AIM OF THE EXERCISE: Include the line with "New Year Same Problems Chicluma T Shirt" and every line before it in the entries below, echoed exactly, but not the pictures.

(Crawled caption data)
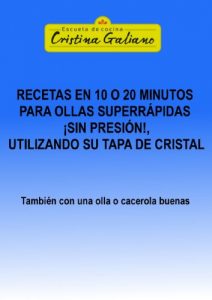 Download Recetas en 10 o 20 minutos con tu olla superrápida sin presión (Spanish Edition) pdf, epub, ebook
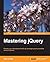 Mastering jQuery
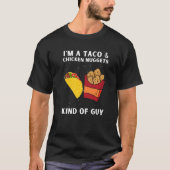 T-shirt Chicken Nuggets And Fried Chicken Nuggets And Taco (Devant)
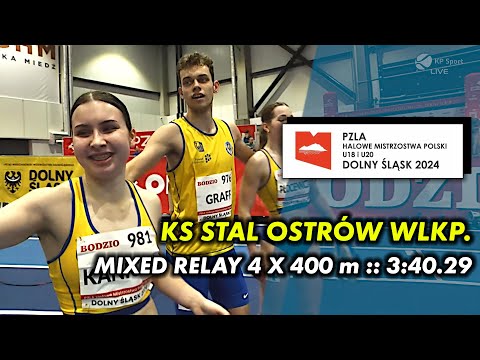 STAL OSTRÓW WIELKOPOLSKI 🥇 Relay 4x400m | U20 Indoor Athletics Polish Championships 2024 #4x400m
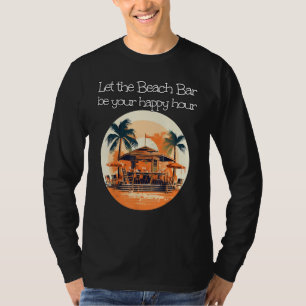 Camiseta Sua Feliz Hora no Bar de Cocktail perto do Mar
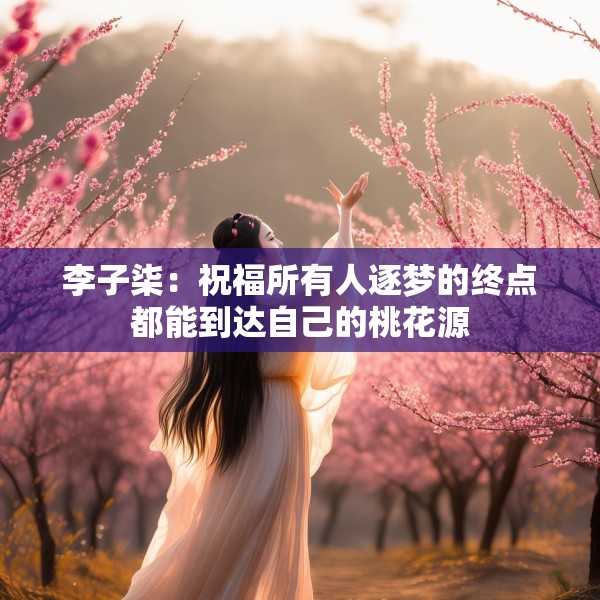 李子柒：祝福所有人逐梦的终点都能到达自己的桃花源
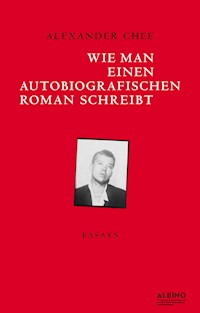 Wie man einen autobiografischen Roman schreibt - Alexander Chee - E-Book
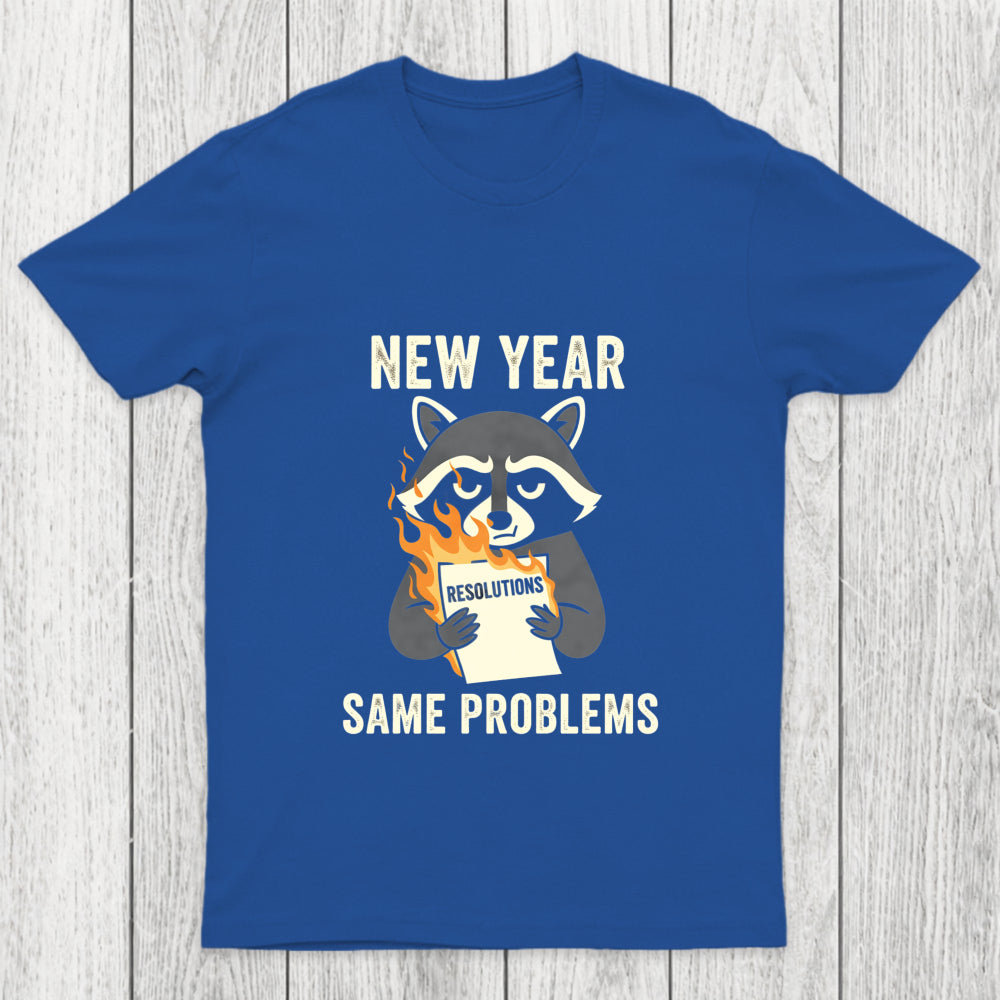 New Year Same Problems Chicluma T Shirt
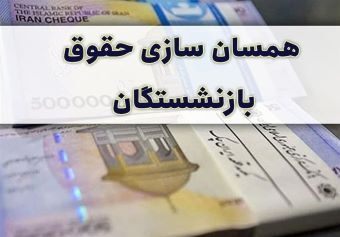 زمان واریز 1 میلیون تومان علی الحساب تیر ماه همسان سازی حقوق بازنشستگان کشوری و فرهنگیان بازنشسته مشخص شد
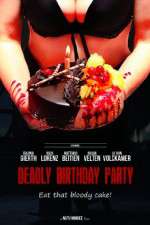 Watch Deadly Birthday Party Zmovies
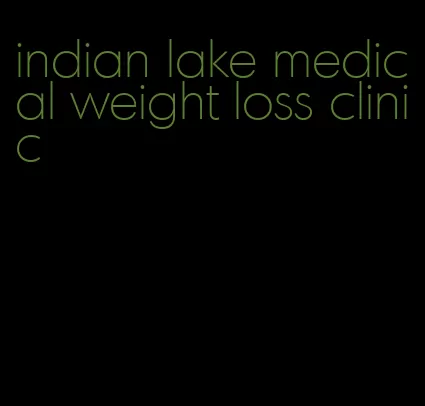 indian lake medical weight loss clinic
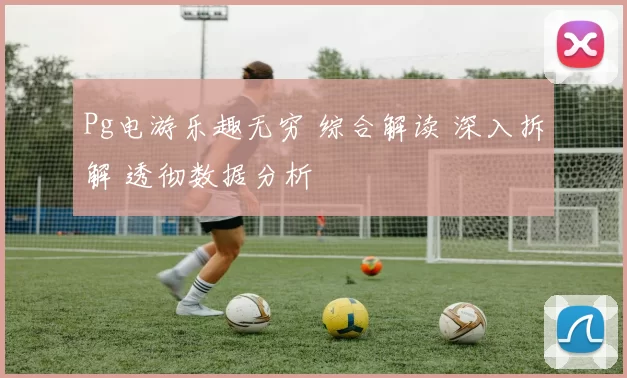 Pg电游乐趣无穷 综合解读 深入拆解 透彻数据分析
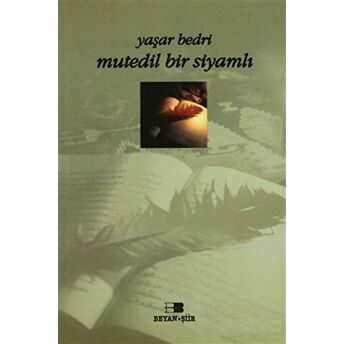 Mutedil Bir Siyamlı Yaşar Bedri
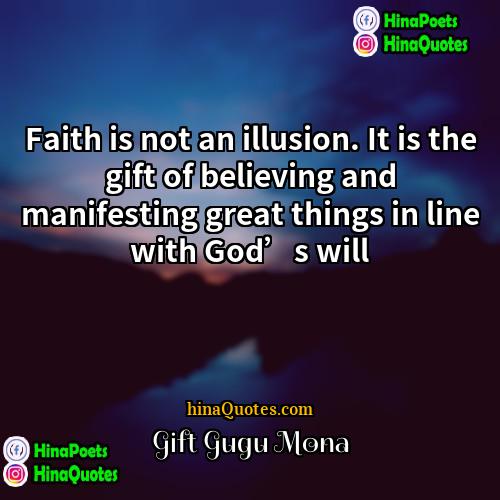 Gift Gugu Mona Quotes | Faith is not an illusion. It is
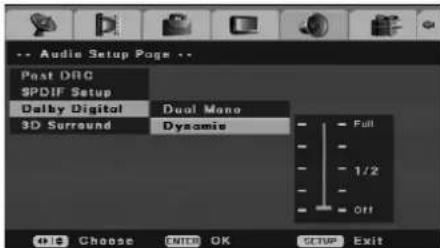 Audio Setup Page Post DRC SPDIF Setup Dalby Digital Dual Mono 3D Surround Dynamie Full 1/2 Off 4.16 Choose ENTER OK SETUP Exit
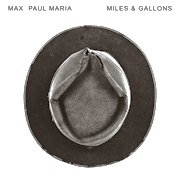 Album-Review: Max Paul Maria - Miles & Gallons Max Paul Maria: Miles & Gallons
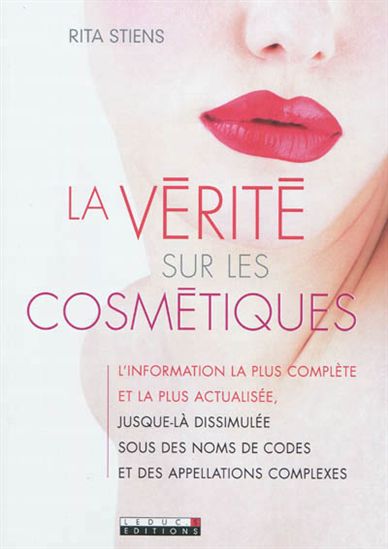 La Vérité sur les cosmétiques N. éd. - RITA STIENS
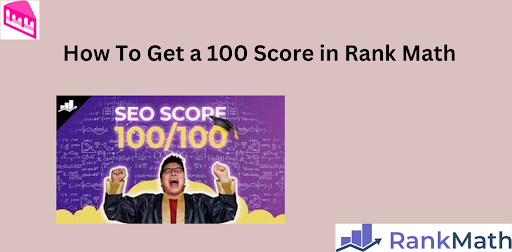 How to get a 100 score in Rank Math SEO Plugin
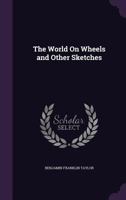 The World On Wheels And Other Sketches 1425523323 Book Cover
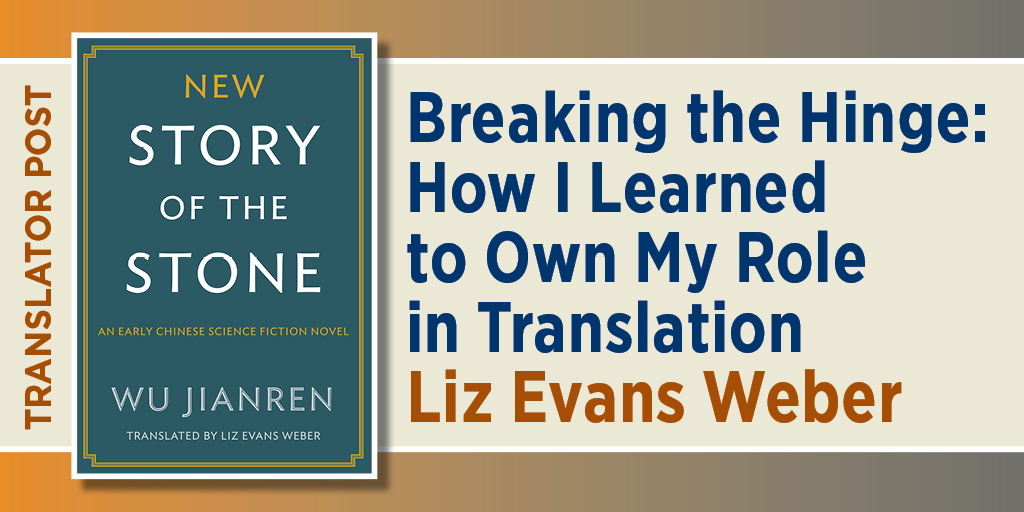 Translator Post: Breaking the Hinge: How I Learned to Own My Role in Translation. Liz Evans Weber. It includes the cover of New Story of the Stone.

TASK RESULT:
 Download Recetas en 10 o 20 minutos con tu olla superrápida sin presión (Spanish Edition) pdf, epub, ebook
 Mastering jQuery
 T-shirt Chicken Nuggets And Fried Chicken Nuggets And Taco (Devant)
 STAL OSTRÓW WIELKOPOLSKI 🥇 Relay 4x400m | U20 Indoor Athletics Polish Championships 2024 #4x400m
 Camiseta Sua Feliz Hora no Bar de Cocktail perto do Mar
 李子柒：祝福所有人逐梦的终点都能到达自己的桃花源
 Wie man einen autobiografischen Roman schreibt - Alexander Chee - E-Book
 New Year Same Problems Chicluma T Shirt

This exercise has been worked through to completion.